The immediate reaction from organised business to President Cyril Ramaphosa’s appointment of Tito Mboweni as South Africa’s new minister of finance on Tuesday afternoon was overwhelmingly positive.
Ramaphosa announced Mboweni, the former South African Reserve Bank Governor, as the country’s new finance minister on Tuesday afternoon after accepting Nhlanhla Nene’s resignation earlier in the day.
Ramaphosa made the announcement from Tuynhys in Parliament, Cape Town, amid speculation that he would relieve Nene of his duties following his testimony to the State Capture Commission of Inquiry last week.
During his testimony Nene admitted to meeting members of the Gupta family at their private home in Saxonwold, Johannesburg, on a number of occasions between 2009 and 2014. He had not previously acknowledged the meetings and was quick to issue an apology for the "lapse in judgement".
On Tuesday afternoon the CEO of the South African Chamber of Commerce Alan Mukoki hailed the appointment of Mboweni as one of the finest ministerial appointees in recent memory.
"Without any doubt, this is an impressive appointment. We were nervous and anxious about Nene’s departure and what might have happened if he did not go. Mboweni is proven as a reserve bank governor and in labour, aligning labour with business, as someone who piloted the Labour Relations Act," said Mukoki.
Mukoki added that Mboweni would be an asset to National Treasury and government at large, due to his "balanced approach to policy, great intellect and a great understanding of international markets".
Business Unity South Africa said in a statement that while the circumstances and the timing of Nene’s resignation were regrettable, business "welcomes the appointment of Tito Mboweni as the new finance minister".
"Mboweni comes with a long track record in government and brings with him the necessary credibility among social partners, as well as the expertise to provide steady leadership in National Treasury," said BUSA.
Banking Association of South Africa's managing director Cas Coovadia said Mboweni would have to win and maintain the confidence of the financial markets as well as the business and investor communities, while facilitating inclusive economic growth, job creation and social development.
"As a former labour minister, he will understand that addressing the challenges of unemployment, poverty and inequality, are as important as maintaining fiscal discipline and the stability of the financial system," said Coovadia.
Founder and CEO of M&C Saatchi Abel Group Mike Abel took to social networking website Twitter to convey his congratulations to Mboweni on his new appointment.
"Welcome back, Mr Mboweni. Massive job, but so much potential to return our country to greatness. Engage big business - harness the massive talent of corporate and entrepreneurial SA and unleash some of best brains in the world to partner and help you fix our country," said Abel.
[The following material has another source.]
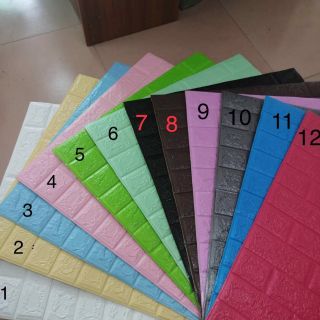 Xốp dán tường 3d ship rẻ nhất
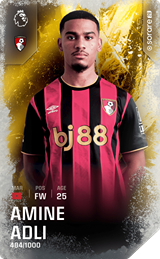 Amine Adli - limited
Black Business Council president Sandile Zungu said in a statement, "Mr. Mboweni is a veteran who served as Minister of Labour under President Nelson Mandela from May 1994 to July 1998 and as such, he is the right person to steer the country out of the financial challenges that we currently face".
Chris Eddy, senior investment analyst at 10X Investments, says the news was positive.
“Nhlanhla Nene has been replaced as Finance Minister by Tito Mboweni, who the markets have a lot of faith in,” said Eddy, who heads the investment team at the disruptive asset manager.
“Through his long tenure as Reserve Bank governor, Mboweni presided over a period of relatively consistent and stable monetary policy and I think the markets would be relatively confident with him at the helm of the South African Treasury.”
The Organisation Undoing Tax Abuse also welcomed Mboweni's appointment, and commended Nene for submitting his resignation over his failure to declare and disclose the Gupta visits that ultimately cost him the job.